----- Data to examine

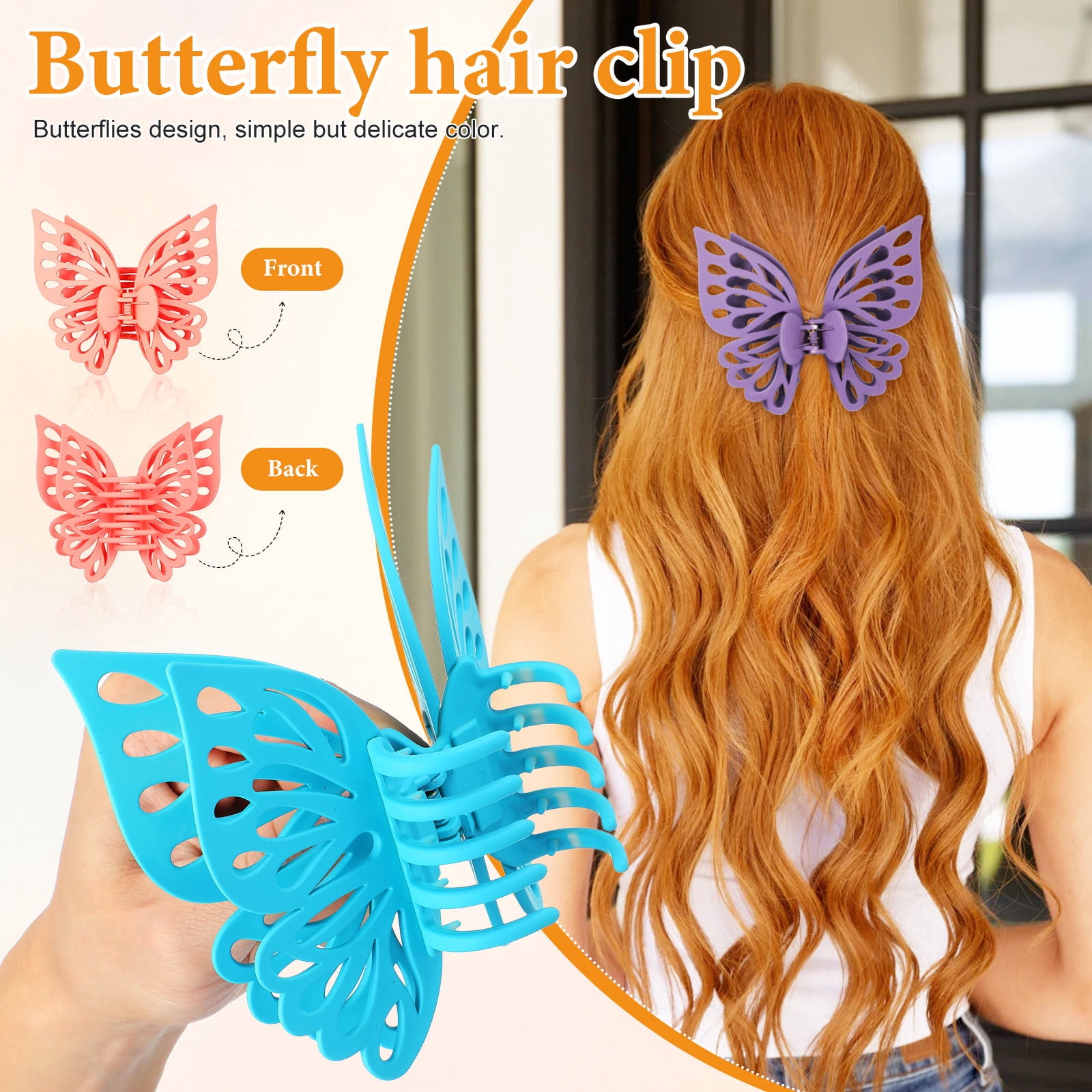 BESTYASH 8-Piece Large Butterfly Hair Clips for Women, Perfect Birthday and Wedding Accessories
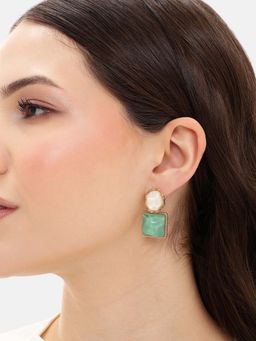 Carlton London - Gold Plated Natural Stone Green Drop Earrings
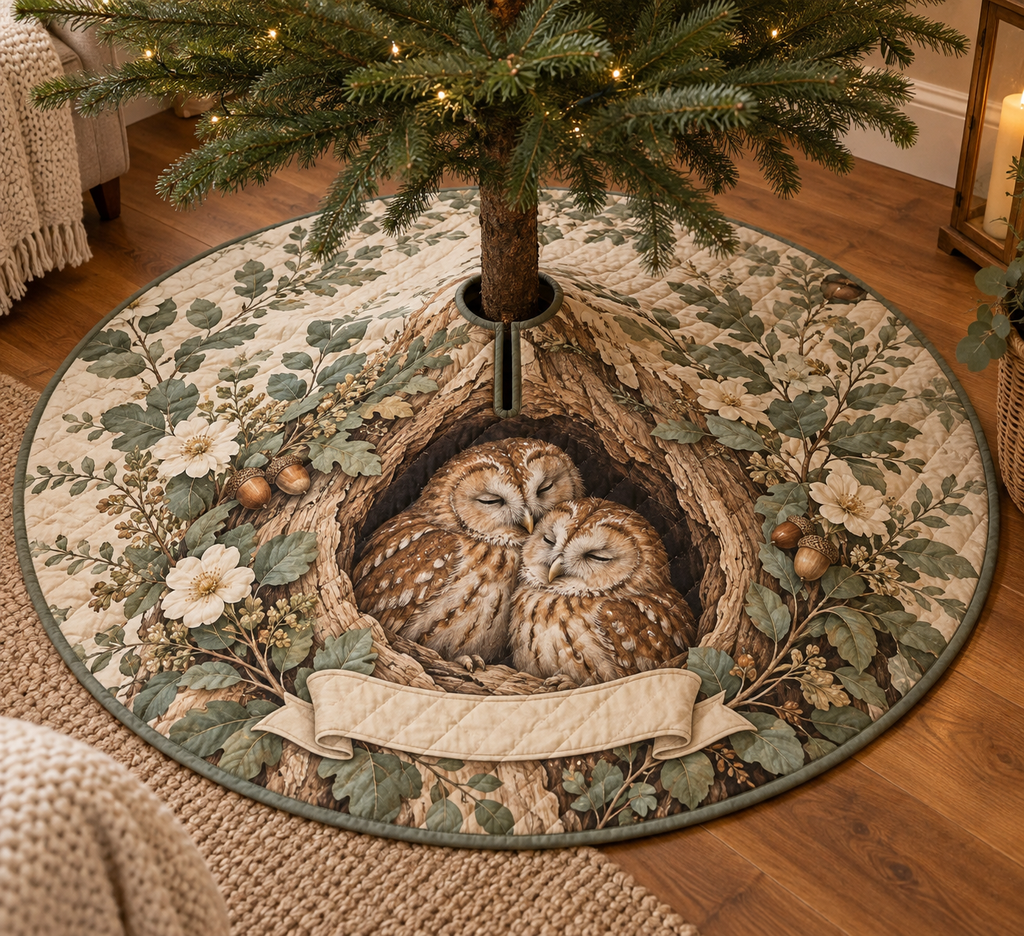One round quilted tree skirt with opening and slit, printed with two tawny owls, eucalyptus and a blank ribbon panel.
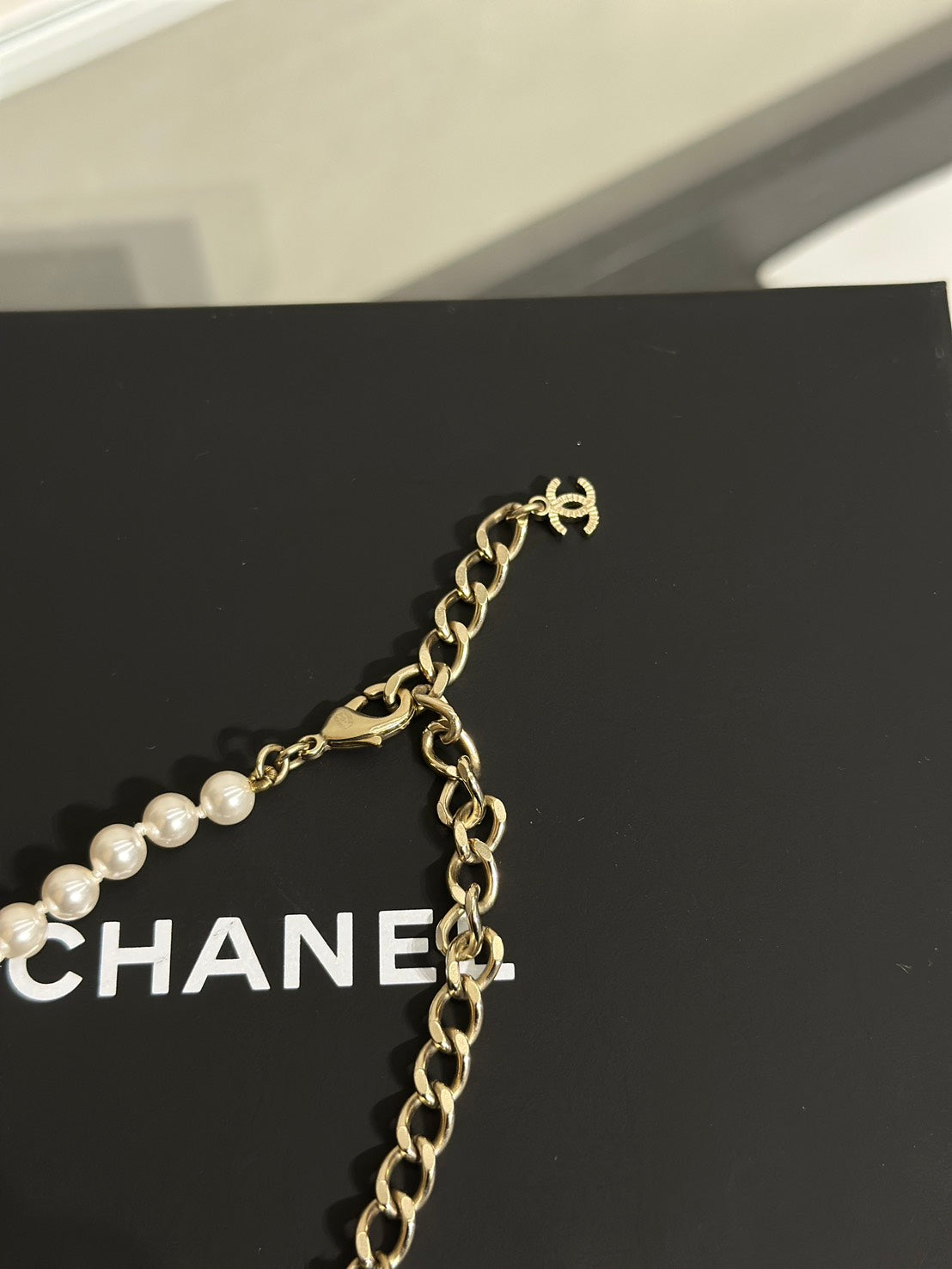 CHANEL 24V珍珠水鑽項鍊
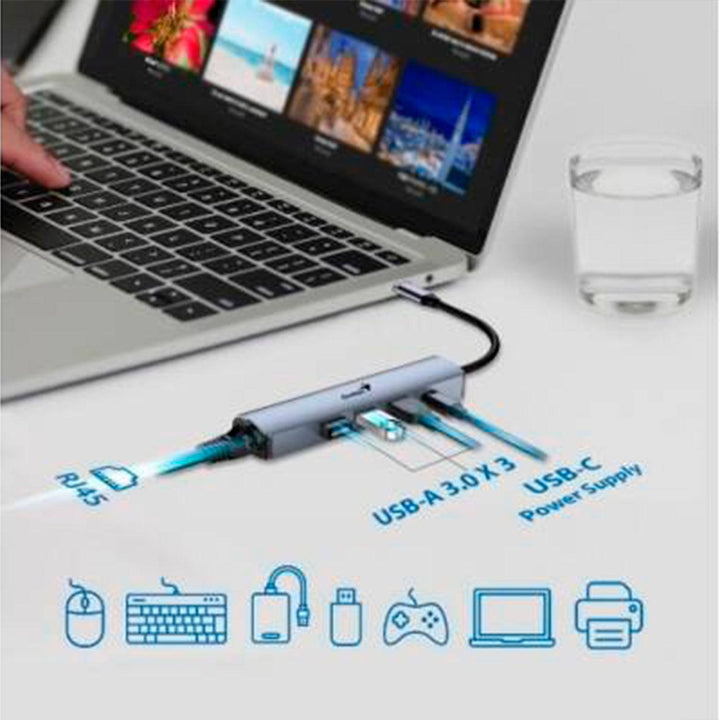 Adaptador Hub  usb-c Genius uh-545 gigabit ethernet 1-usb-c 3-usb-A - Achorao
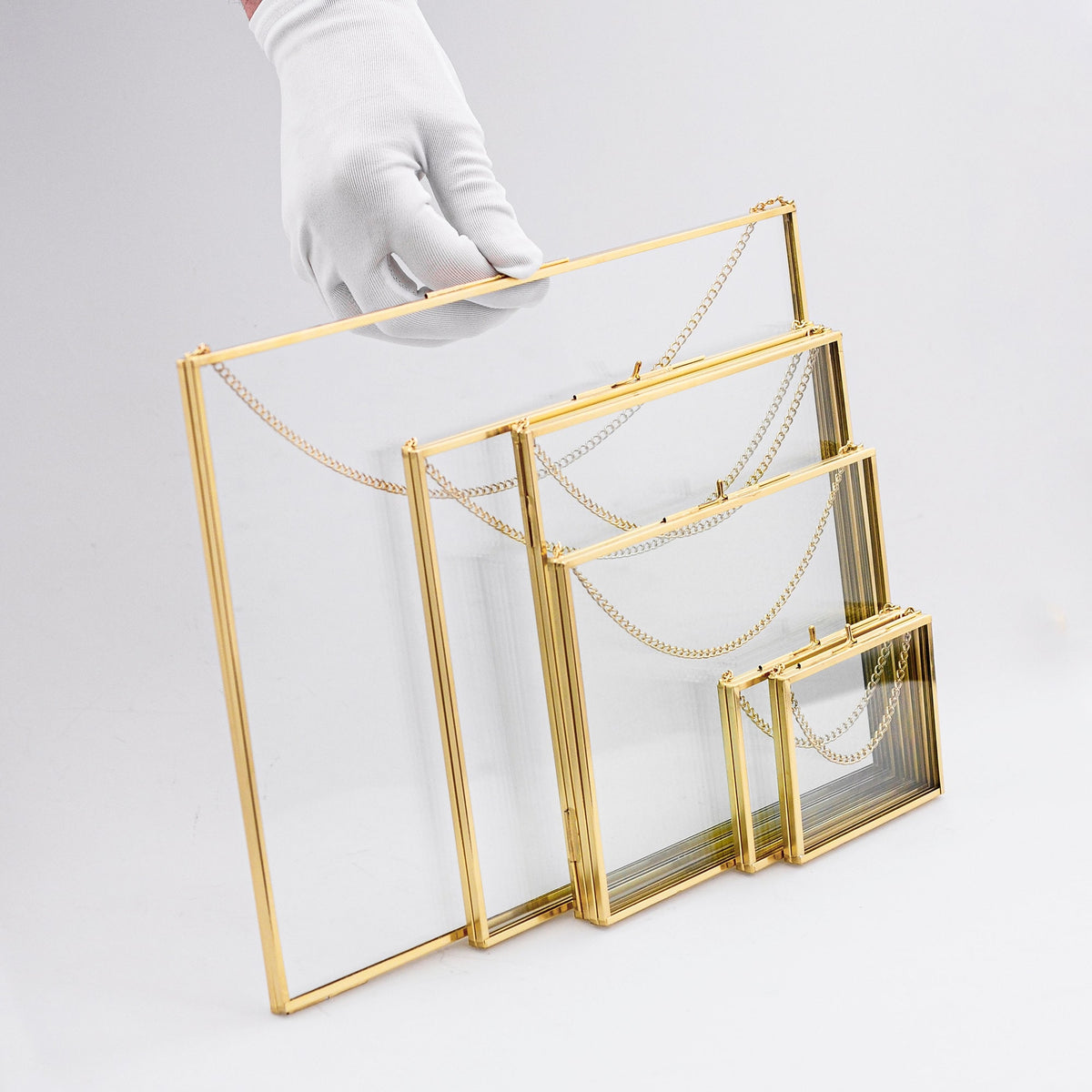 6 PcFloating Glass Frame Brass Gold Wall Hanging Photo Picture Double Bilderrahmen Horizontal Pretty Perfect For Pressed Flower Arrangement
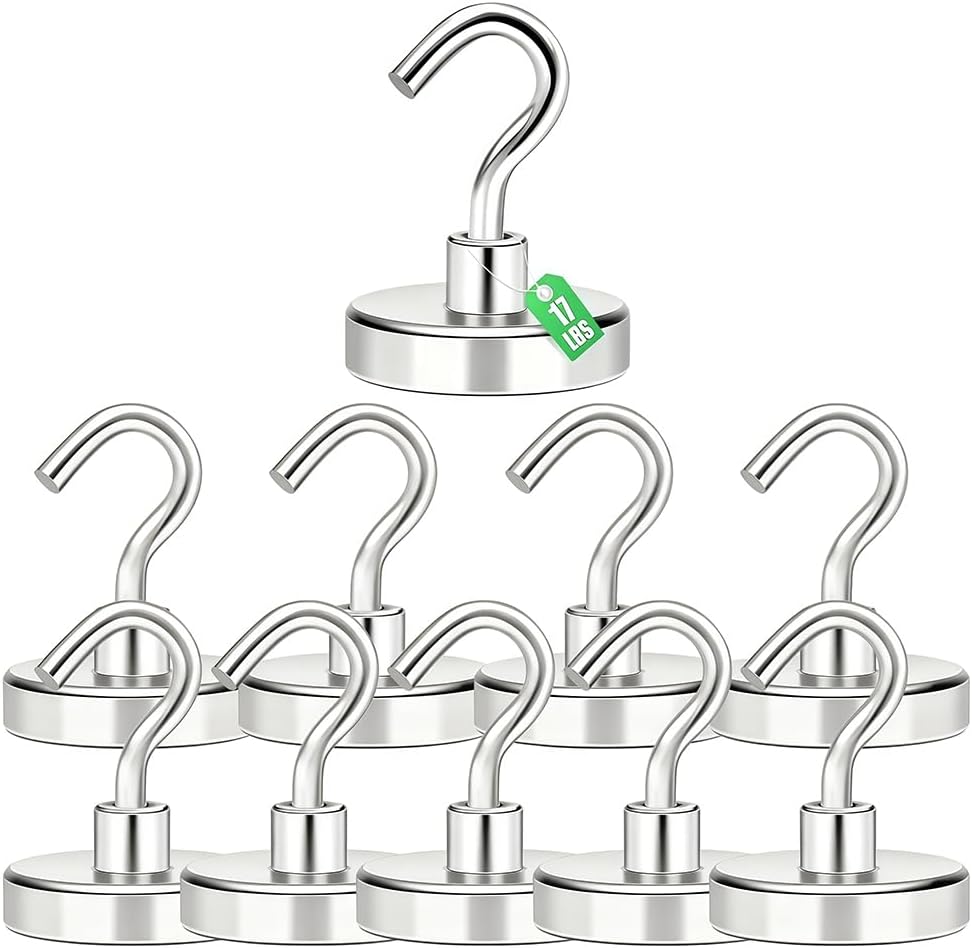 Magnetic Hooks, 18Lbs Heavy Duty Magnetic Hooks Hanging for Cruise Cabins, Refrigerator, Grill (10Pack,Silver)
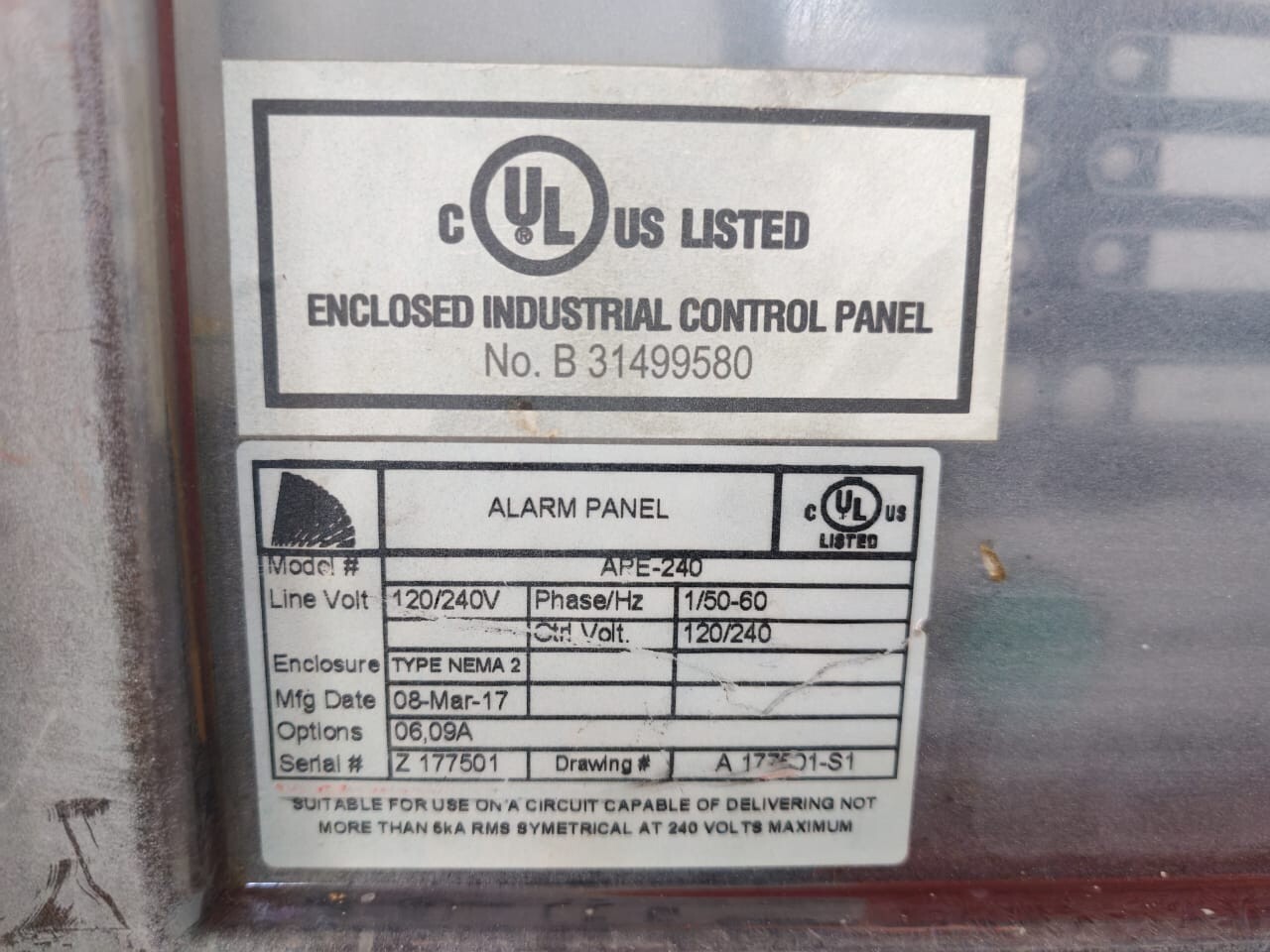 Tornatech APE-240 Tornatech APE-240 Alarm Panel Electric Fire Pump-Enclosure Type NEMA 2 2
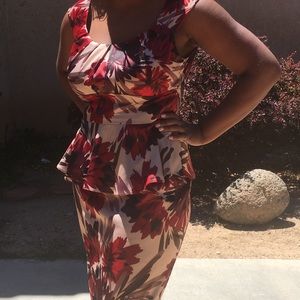 Red/beige/multi Abstract Floral Peplum Dress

----------

Problem: Please repeat exactly the lines from the one containing "Tornatech APE-240 Tornatech" through the last line of the records, both included, and leave out the pictures.

Solved problem:
 Tornatech APE-240 Tornatech APE-240 Alarm Panel Electric Fire Pump-Enclosure Type NEMA 2 2
 Red/beige/multi Abstract Floral Peplum Dress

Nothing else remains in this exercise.